Zero-inflated poisson regression is used to model count data that has an excess of zero. In this process, the excess zeros are generated by a one process and then the poisson model is developed on that model. Thus, the zip model has two parts, a poisson count model and the logit model for predicting excess zeros. You may want to review these Data Analysis Example pages, Poisson Regression and Logit Regression.

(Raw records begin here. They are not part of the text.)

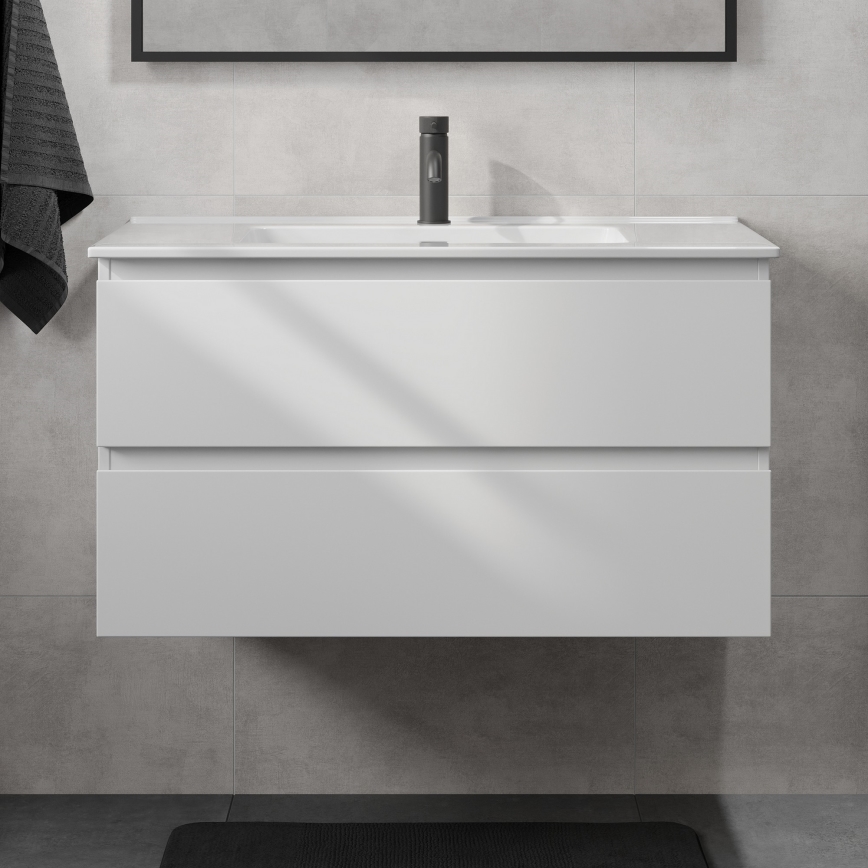 Kupaonski ormarić s umivaonikom KENWOOD 91 cm, bijeli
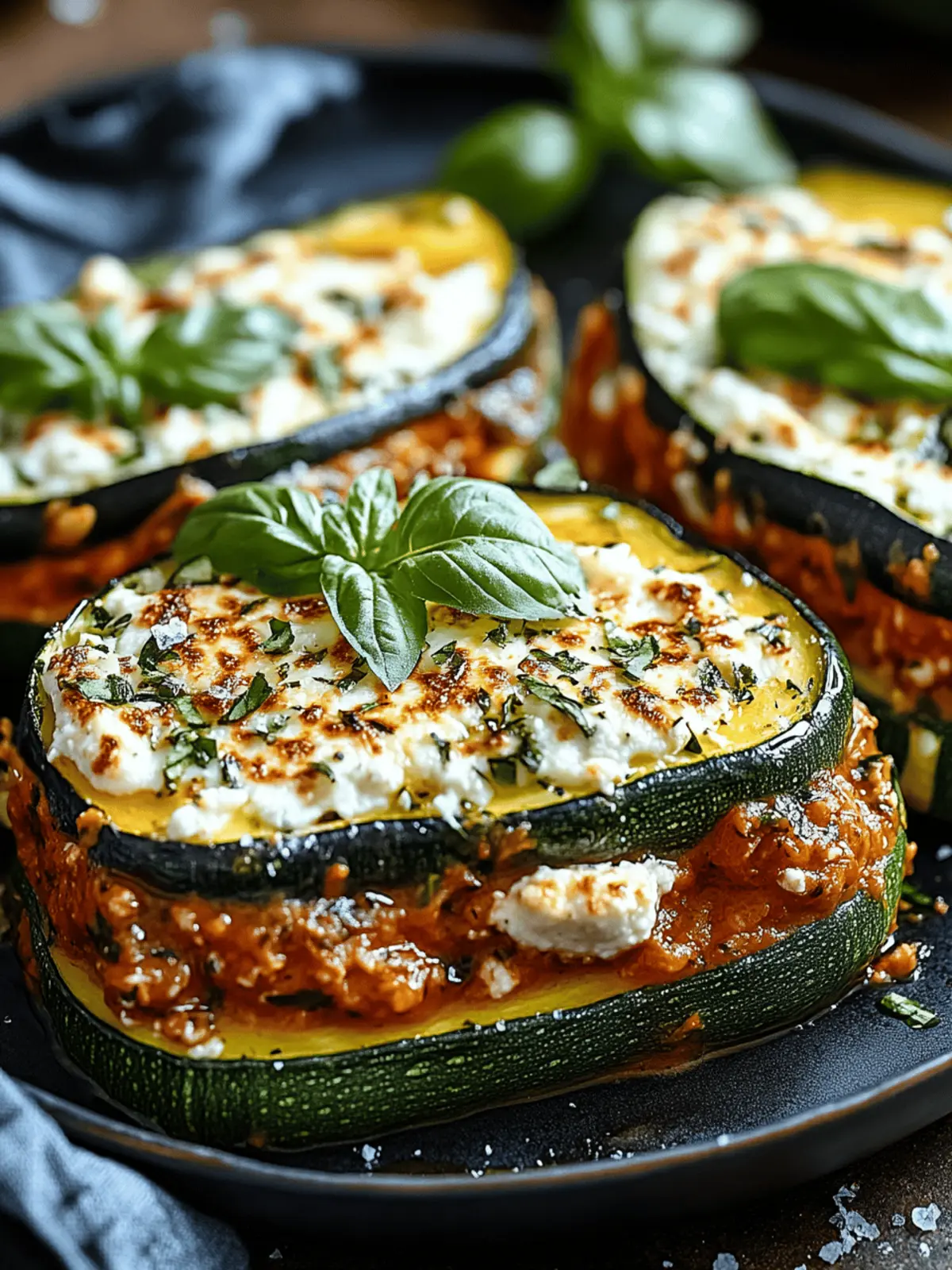Layered Zucchini Ricotta Melts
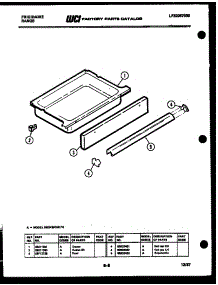 04 - Drawer Parts parts for Frigidaire Range REG438QME0 from AppliancePartsPros.com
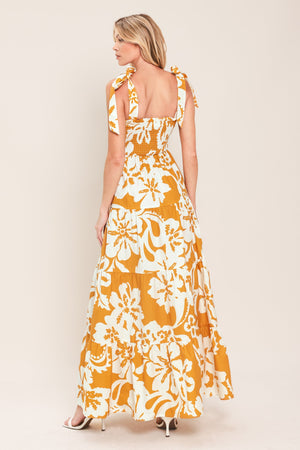 Tropically Yours Woven Maxi Dress - Blue or Yellow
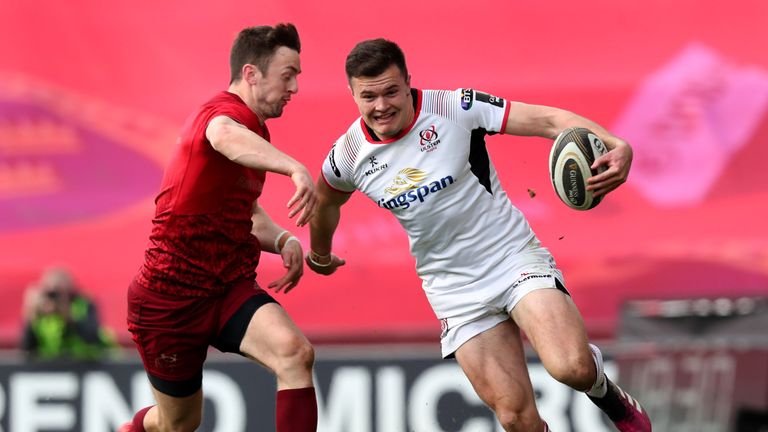 Jacob Stockdale set up Stuart McCloskey for a try in a blistering first-half performance by the visitors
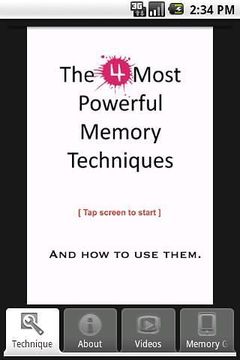 Memory E-Book - The 4 Most Powerful Memory Techniques截图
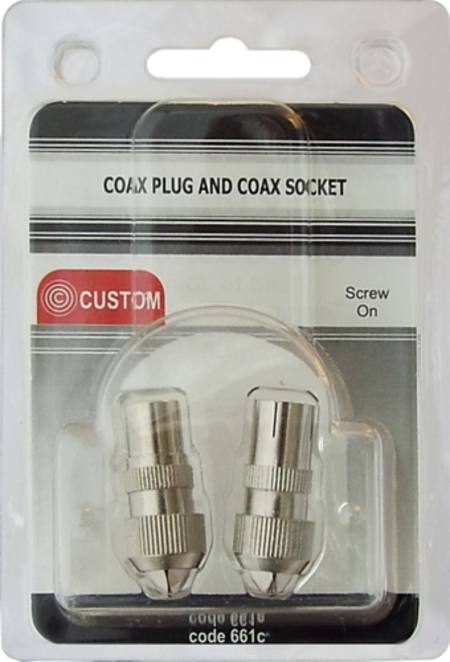 Buy CUSTOM COAX PLUG AND COAX SOCKET SET in NZ.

zrifn_Model<-zeroinfl(formula = Trips ~ Active + Sex + Travel.cost + Access.road | Active, link="logit", data = noNa_data)
summary(zrifn_Model)
##
## Call:
## zeroinfl(formula = Trips ~ Active + Sex + Travel.cost + Access.road |
## Active, data = noNa_data, link = "logit")
##
## Pearson residuals:
## Min 1Q Median 3Q Max
## -1.1564 -0.4606 -0.3491 -0.2041 9.0050
##
## Count model coefficients (poisson with log link):
## Estimate Std. Error z value Pr(>|z|)
## (Intercept) 0.121172 0.229893 0.527 0.59814
## Active 0.181702 0.065085 2.792 0.00524 **
## Sex1 -0.607606 0.202180 -3.005 0.00265 **
## Travel.cost -0.003349 0.001312 -2.554 0.01066 *
## Access.road1 -1.089113 0.371757 -2.930 0.00339 **
##
## Zero-inflation model coefficients (binomial with logit link):
## Estimate Std. Error z value Pr(>|z|)
## (Intercept) 0.7713 0.3328 2.317 0.020485 *
## Active -0.5858 0.1689 -3.469 0.000523 ***
## ---
## Signif. codes: 0 '***' 0.001 '**' 0.01 '*' 0.05 '.' 0.1 ' ' 1
##
## Number of iterations in BFGS optimization: 29
## Log-likelihood: -290.3 on 7 Df
AIC(zrifn_Model,poisson_model)
## df AIC
## zrifn_Model 7 594.5938
## poisson_model 5 615.3785
zrifn_Model_negbin<-zeroinfl(formula = Trips ~ Active + Sex + Travel.cost + Access.road | Active ,dist="negbin", link="logit", data = noNa_data)
summary(zrifn_Model_negbin)
##
## Call:
## zeroinfl(formula = Trips ~ Active + Sex + Travel.cost + Access.road |
## Active, data = noNa_data, dist = "negbin", link = "logit")
##
## Pearson residuals:
## Min 1Q Median 3Q Max
## -0.9181 -0.4486 -0.3449 -0.2107 8.7905
##
## Count model coefficients (negbin with log link):
## Estimate Std. Error z value Pr(>|z|)
## (Intercept) -0.210938 0.340827 -0.619 0.53598
## Active 0.234530 0.086479 2.712 0.00669 **
## Sex1 -0.656773 0.216770 -3.030 0.00245 **
## Travel.cost -0.003300 0.001334 -2.474 0.01336 *
## Access.road1 -1.043227 0.383499 -2.720 0.00652 **
## Log(theta) 0.792414 0.707002 1.121 0.26237
##
## Zero-inflation model coefficients (binomial with logit link):
## Estimate Std. Error z value Pr(>|z|)
## (Intercept) 0.1967 0.6200 0.317 0.75107
## Active -0.6569 0.2495 -2.632 0.00848 **
## ---
## Signif. codes: 0 '***' 0.001 '**' 0.01 '*' 0.05 '.' 0.1 ' ' 1
##
## Theta = 2.2087
## Number of iterations in BFGS optimization: 34
## Log-likelihood: -287.9 on 8 Df
AIC(zrifn_Model_negbin,zrifn_Model)
## df AIC
## zrifn_Model_negbin 8 591.7322
## zrifn_Model 7 594.5938
Zero inflated model with negative binomial distribution gave us the most accurate results.Negative binomial regression does better with over dispersed data, data with variance much larger than the mean.
table(noNa_data$Travel.cost)
##
## 21 25.2 29.4 45
## 6 1 8 3
## 48 48.0003 52.2 56.4
## 54 171 10 2
## 60 82.2 87 112.5
## 6 7 5 1
## 117.300075 118.5 125.4 138
## 1 3 1 2
## 158.4 160.2 161.7 163.5
## 2 2 19 2
## 170.4 176.4 177.9 180.9
## 28 10 2 1
## 186.9 190.8 196.2 197.4
## 2 7 2 6
## 199.687720486667 203.7 208.5 216.3
## 1 3 1 1
## 239.1 261.3 288 303.6
## 3 3 4 7
## 348.9 349.2 403.8 420.9
## 1 1 3 1
## 457.8 488.555464227225 520.2 535.5
## 5 1 1 6
## 551.7 595.2 988.5 1005.9
## 1 3 1 1
newdata1 <- expand.grid((0:6),factor(0:1),seq(100,1000,100),factor(0:1))
colnames(newdata1) <- c("Active", "Sex", "Travel.cost","Access.road")
#newdata1 <- subset(newdata1, subset=(child<=persons))
newdata1$Trips <- predict(zrifn_Model_negbin, newdata1)
ggplot(newdata1, aes(x = Active, y = Trips, color=factor(Travel.cost))) +
geom_jitter(shape=16, position=position_jitter(0.2)) +
facet_wrap(~Sex) +
theme_light()+
labs(x = "Active", y = "Trips")
Now that we have developed a model on the data, see if you can derive insights from the abbove graph.You will find a clear trend between Active activities, trips and Travel cost.